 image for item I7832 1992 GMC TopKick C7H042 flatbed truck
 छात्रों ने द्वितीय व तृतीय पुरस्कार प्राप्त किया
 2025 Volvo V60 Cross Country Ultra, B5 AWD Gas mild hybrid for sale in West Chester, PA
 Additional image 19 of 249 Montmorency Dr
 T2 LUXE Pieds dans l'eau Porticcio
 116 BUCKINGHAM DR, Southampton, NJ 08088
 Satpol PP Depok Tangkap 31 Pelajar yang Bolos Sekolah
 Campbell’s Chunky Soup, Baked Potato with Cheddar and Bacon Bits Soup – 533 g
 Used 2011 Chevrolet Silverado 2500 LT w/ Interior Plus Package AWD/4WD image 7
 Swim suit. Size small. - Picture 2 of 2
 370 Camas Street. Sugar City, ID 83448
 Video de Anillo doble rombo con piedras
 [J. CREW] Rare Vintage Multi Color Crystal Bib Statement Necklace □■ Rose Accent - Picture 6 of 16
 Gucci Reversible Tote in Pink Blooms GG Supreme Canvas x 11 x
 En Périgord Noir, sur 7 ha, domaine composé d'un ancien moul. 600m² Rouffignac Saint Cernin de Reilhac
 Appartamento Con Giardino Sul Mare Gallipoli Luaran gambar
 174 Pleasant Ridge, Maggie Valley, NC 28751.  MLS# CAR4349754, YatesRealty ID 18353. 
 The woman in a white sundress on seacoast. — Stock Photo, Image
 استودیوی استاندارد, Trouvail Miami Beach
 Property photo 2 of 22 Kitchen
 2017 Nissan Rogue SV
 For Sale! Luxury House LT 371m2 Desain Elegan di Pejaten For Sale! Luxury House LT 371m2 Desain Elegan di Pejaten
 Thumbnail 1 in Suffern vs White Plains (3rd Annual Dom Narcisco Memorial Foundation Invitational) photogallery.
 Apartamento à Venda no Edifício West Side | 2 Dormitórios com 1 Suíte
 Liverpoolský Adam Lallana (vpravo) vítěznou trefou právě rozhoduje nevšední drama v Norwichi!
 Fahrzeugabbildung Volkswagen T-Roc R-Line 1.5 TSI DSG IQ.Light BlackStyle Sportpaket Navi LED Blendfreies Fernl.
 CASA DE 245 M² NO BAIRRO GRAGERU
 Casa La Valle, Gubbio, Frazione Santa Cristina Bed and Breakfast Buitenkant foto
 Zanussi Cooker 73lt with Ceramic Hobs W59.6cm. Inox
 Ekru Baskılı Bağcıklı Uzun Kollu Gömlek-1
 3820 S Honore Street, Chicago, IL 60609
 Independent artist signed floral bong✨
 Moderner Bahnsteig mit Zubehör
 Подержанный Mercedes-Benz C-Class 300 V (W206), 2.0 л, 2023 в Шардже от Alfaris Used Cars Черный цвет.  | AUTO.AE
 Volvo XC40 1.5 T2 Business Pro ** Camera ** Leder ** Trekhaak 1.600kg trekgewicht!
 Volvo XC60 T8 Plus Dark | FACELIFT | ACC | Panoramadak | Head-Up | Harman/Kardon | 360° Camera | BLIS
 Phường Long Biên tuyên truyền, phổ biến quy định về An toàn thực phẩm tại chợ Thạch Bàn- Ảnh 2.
---+---
WHAT IS NEEDED:
Please give back every line of the listing exactly as it stands.

OUTPUT OF THE TASK:
 image for item I7832 1992 GMC TopKick C7H042 flatbed truck
 छात्रों ने द्वितीय व तृतीय पुरस्कार प्राप्त किया
 2025 Volvo V60 Cross Country Ultra, B5 AWD Gas mild hybrid for sale in West Chester, PA
 Additional image 19 of 249 Montmorency Dr
 T2 LUXE Pieds dans l'eau Porticcio
 116 BUCKINGHAM DR, Southampton, NJ 08088
 Satpol PP Depok Tangkap 31 Pelajar yang Bolos Sekolah
 Campbell’s Chunky Soup, Baked Potato with Cheddar and Bacon Bits Soup – 533 g
 Used 2011 Chevrolet Silverado 2500 LT w/ Interior Plus Package AWD/4WD image 7
 Swim suit. Size small. - Picture 2 of 2
 370 Camas Street. Sugar City, ID 83448
 Video de Anillo doble rombo con piedras
 [J. CREW] Rare Vintage Multi Color Crystal Bib Statement Necklace □■ Rose Accent - Picture 6 of 16
 Gucci Reversible Tote in Pink Blooms GG Supreme Canvas x 11 x
 En Périgord Noir, sur 7 ha, domaine composé d'un ancien moul. 600m² Rouffignac Saint Cernin de Reilhac
 Appartamento Con Giardino Sul Mare Gallipoli Luaran gambar
 174 Pleasant Ridge, Maggie Valley, NC 28751.  MLS# CAR4349754, YatesRealty ID 18353. 
 The woman in a white sundress on seacoast. — Stock Photo, Image
 استودیوی استاندارد, Trouvail Miami Beach
 Property photo 2 of 22 Kitchen
 2017 Nissan Rogue SV
 For Sale! Luxury House LT 371m2 Desain Elegan di Pejaten For Sale! Luxury House LT 371m2 Desain Elegan di Pejaten
 Thumbnail 1 in Suffern vs White Plains (3rd Annual Dom Narcisco Memorial Foundation Invitational) photogallery.
 Apartamento à Venda no Edifício West Side | 2 Dormitórios com 1 Suíte
 Liverpoolský Adam Lallana (vpravo) vítěznou trefou právě rozhoduje nevšední drama v Norwichi!
 Fahrzeugabbildung Volkswagen T-Roc R-Line 1.5 TSI DSG IQ.Light BlackStyle Sportpaket Navi LED Blendfreies Fernl.
 CASA DE 245 M² NO BAIRRO GRAGERU
 Casa La Valle, Gubbio, Frazione Santa Cristina Bed and Breakfast Buitenkant foto
 Zanussi Cooker 73lt with Ceramic Hobs W59.6cm. Inox
 Ekru Baskılı Bağcıklı Uzun Kollu Gömlek-1
 3820 S Honore Street, Chicago, IL 60609
 Independent artist signed floral bong✨
 Moderner Bahnsteig mit Zubehör
 Подержанный Mercedes-Benz C-Class 300 V (W206), 2.0 л, 2023 в Шардже от Alfaris Used Cars Черный цвет.  | AUTO.AE
 Volvo XC40 1.5 T2 Business Pro ** Camera ** Leder ** Trekhaak 1.600kg trekgewicht!
 Volvo XC60 T8 Plus Dark | FACELIFT | ACC | Panoramadak | Head-Up | Harman/Kardon | 360° Camera | BLIS
 Phường Long Biên tuyên truyền, phổ biến quy định về An toàn thực phẩm tại chợ Thạch Bàn- Ảnh 2.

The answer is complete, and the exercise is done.